Nesse universo onde o limite é a própria criatividade, um caso interessante é o de Alex Alves, adolescente de 15 anos, criador e administrador do perfil Busologo Saens Pena, onde publica notícias, fotografias e fichas técnicas de ônibus, além de memes e até mesmo curta-metragens de terror ambientados nos transportes públicos de São José dos Campos (SP), sua cidade natal. O nome é uma homenagem à sua empresa de transportes favorita, de onde despertou sua alma busóloga.“Desde pequeno via aqueles ônibus azuis, lindos e reluzentes.”


Alex (ao meio) e dois colegas, em evento de renovação de frotas dos ônibus de sua cidade, São José dos Campos, em 25 de julho. - Foto: Claudio Vieira/PMSJC
Alex (ao meio) e dois colegas, em evento de renovação de frotas dos ônibus de sua cidade, São José dos Campos, em 25 de julho. - Foto: Claudio Vieira/PMSJC

A história de Alex é similar a de Gabriel e as de tantos outros busólogos: começou o interesse ainda criança, quando morava em frente a um ponto final, ouviu críticas e julgamentos, mas manteve-se firme no hobby. Graças a isso, fez amizades e desenvolveu ainda mais sua paixão, até decidir torná-la pública e criar a página em 2022. O jovem explica o fascínio: “É meu ‘cura tédio’. Diariamente, eu fico em ônibus fotografando e me divertindo com meus amigos, motoristas e cobradores. Já posso dizer que criei uma família”.


Foi a partir das conversas com os trabalhadores dos transportes que surgiu a inspiração para seus pequenos filmes. As histórias que escutava, com relatos assustadores de episódios inexplicáveis do mundo sobrenatural, arrepiavam a espinha e ficavam na mente, até surgir a ideia de compartilhá-las com o público geral.

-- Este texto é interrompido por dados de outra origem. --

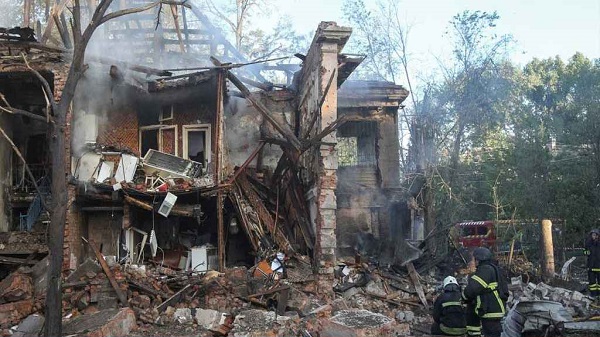 ইউক্রেনে রাশিয়ার ভয়াবহ হামলায় নিহত ১৬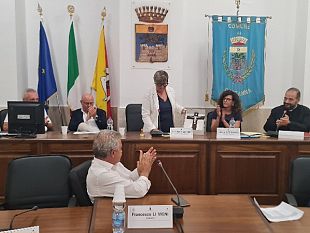 consegnato-crocifisso-per-la-sala-consiliare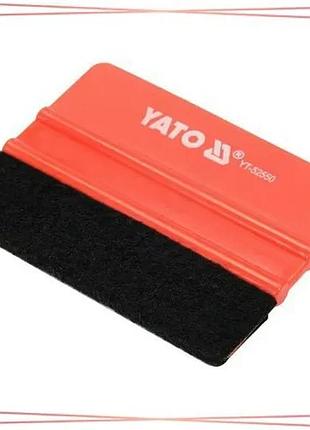 Шпатель yato с фетровой накладкой 100х73 мм для натяжки пленки инструмент для отделки sku_yt-52550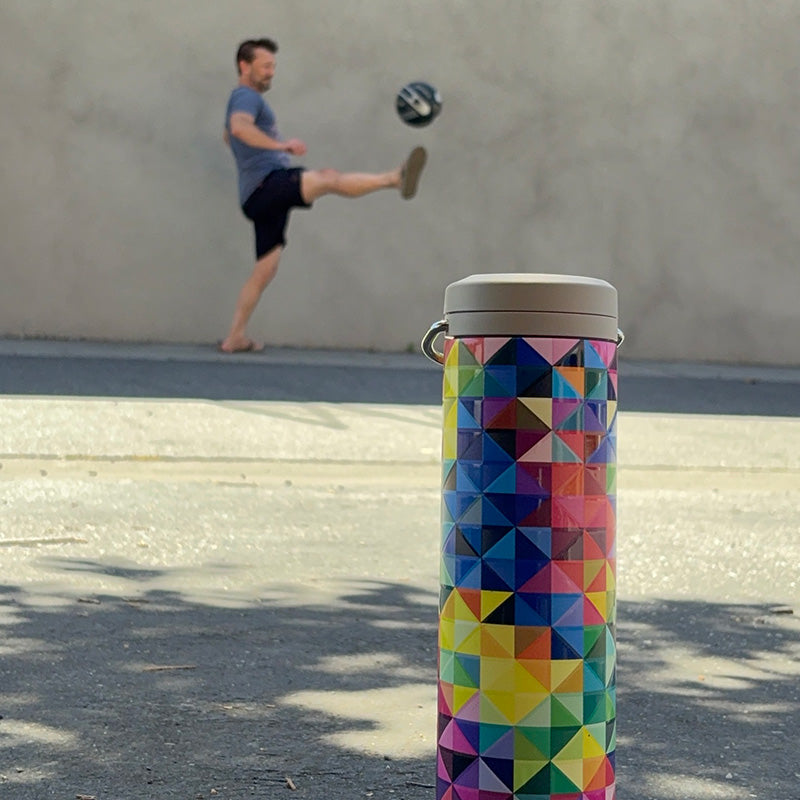 20oz-tkwide-with-twist-cap-mosaic-s9 20oz_tkwide_bottle_seasonal_mosaic_soccerball_player_square.jpg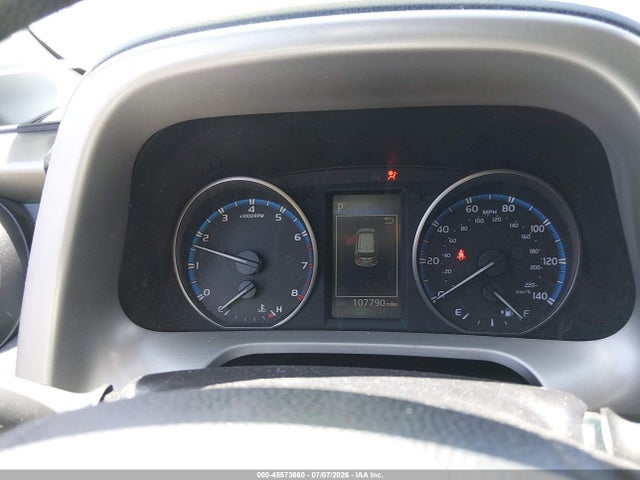 Toyota RAV4 LE 2018 2T3ZFREV4JW519077 Image 7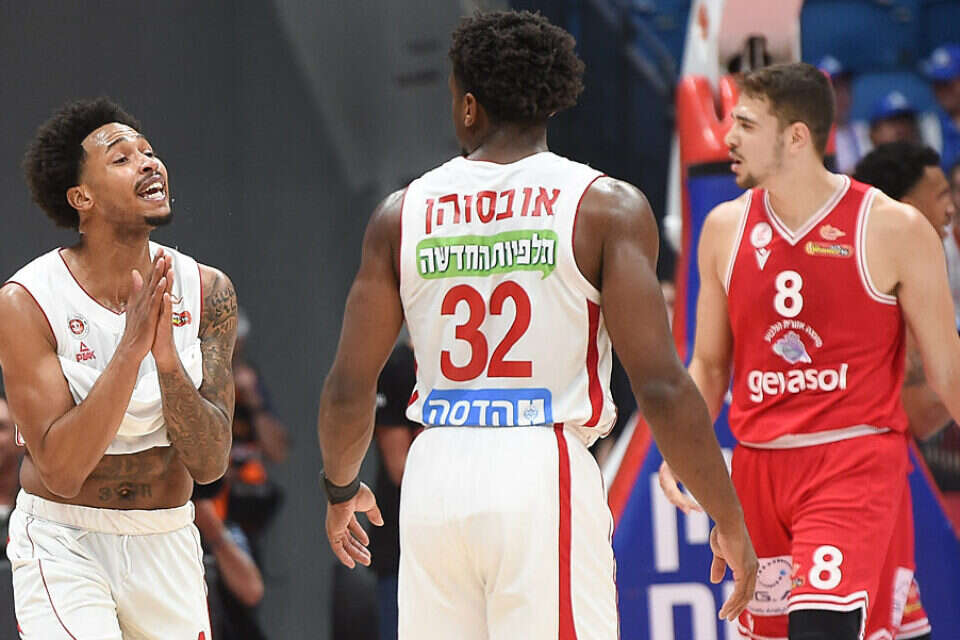 אדאמס ואובאסוהן. קל לא יהיה , ברני ארדוב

O sucesso foi imediato: no primeiro vídeo do gênero, “Há algo de errado no 115”, Alex interpreta um cobrador que, ao chegar no ponto final, fica sozinho no carro após o motorista (interpretado por um profissional verdadeiro) descer para ir ao banheiro. De repente, ele começa a escutar sinais de parada solicitada, e percebe que não estava tão sozinho ao notar figuras obscuras nos últimos assentos do ônibus. A produção é totalmente amadora, com gravação e edição própria, feitas no celular de Alex, e o vídeo, de 13 de setembro de 2024, soma mais de 200 mil curtidas.


Um ônibus com muitos lugares


Há espaço para todos na busologia. Sem necessidade de preconceito e de serem rejeitados apenas pelos seus interesses, os busólogos têm personalidade para mostrar ao mundo o que desperta seu fascínio. Trocam ideias, discutem opiniões, compartilham histórias e são bem receptivos em tópicos de conversas cada vez mais populares; as convenções de ônibus têm recebido públicos cada vez maiores — a Rio Bus Expo, por exemplo, contou com 5 mil e 8 mil pessoas nas duas primeiras edições, em 2024 e 2025, respectivamente.


Para quem utiliza o transporte público, não é tão incomum ser “fã” de um ônibus, gostar de uma linha específica, conhecer paradas, cochilar no banco e reconhecer o ponto de descida somente pelo balançar da trajetória. Indo mais além, os ônibus podem até representar histórias e vivências, e serem guias para lugares especiais do passado ou do presente, que marcaram trajetórias pessoais: da janela, o busólogo enxerga a cidade se transformando a cada parada, enquanto o próprio ônibus transforma sua vida.